Required action =>
Return all of the data exactly, omitting any images.

Information shown =>
****
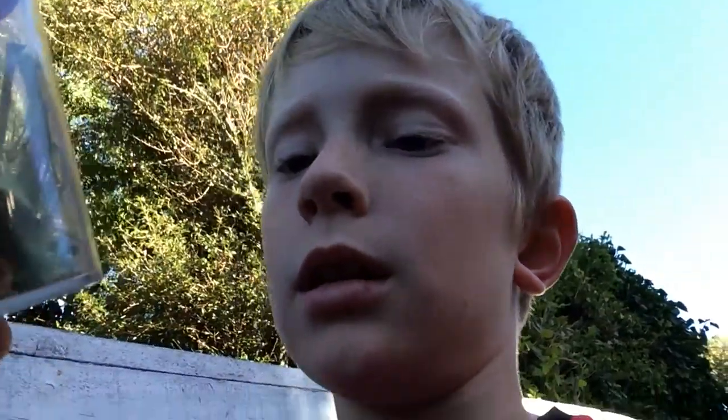Here you go — that's his little cage. If you can just see him... not sure if you can, but he's somewhere in there.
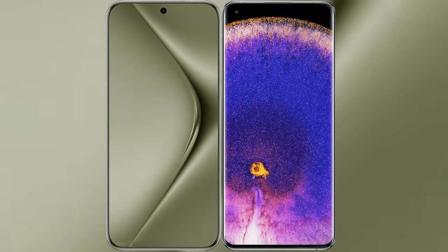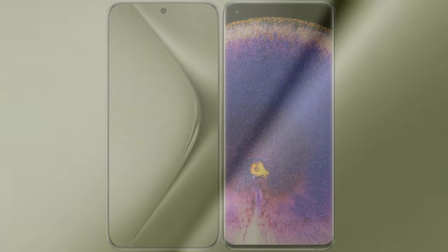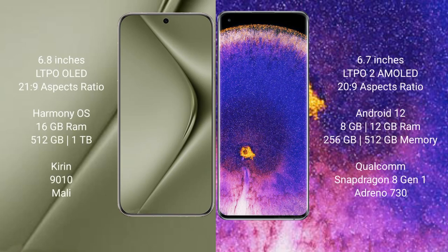I will compare the new Huawei Pura 70 Ultra with OPPO Find X5 Pro. The Huawei Pura 70 Ultra comes with a 6.8-inch LTPO OLED display at 20:9 aspect ratio. The OPPO Find X5 Pro comes with a 6.7-inch LTPO 2 AMOLED display also at 20:9 aspect ratio.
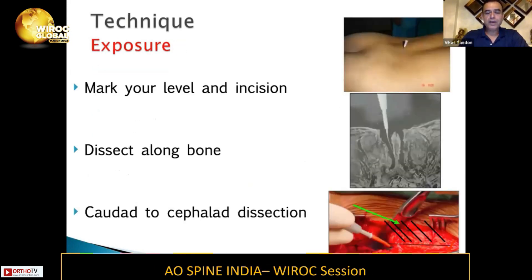When you expose, you have to mark your level and the incision very precisely using your C-arm. Some people do it with a metallic marker, or sometimes you can insert a needle and take a C-arm picture to confirm your level. Then you dissect along the bone. Dissection is a very important part — if the field is clean, hemostatic, and nicely dissected out, it is good. Dissecting along the bones reduces blood in the field and gives you good visualization.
****
Output below =>
Here you go — that's his little cage. If you can just see him... not sure if you can, but he's somewhere in there.
I will compare the new Huawei Pura 70 Ultra with OPPO Find X5 Pro. The Huawei Pura 70 Ultra comes with a 6.8-inch LTPO OLED display at 20:9 aspect ratio. The OPPO Find X5 Pro comes with a 6.7-inch LTPO 2 AMOLED display also at 20:9 aspect ratio.
When you expose, you have to mark your level and the incision very precisely using your C-arm. Some people do it with a metallic marker, or sometimes you can insert a needle and take a C-arm picture to confirm your level. Then you dissect along the bone. Dissection is a very important part — if the field is clean, hemostatic, and nicely dissected out, it is good. Dissecting along the bones reduces blood in the field and gives you good visualization.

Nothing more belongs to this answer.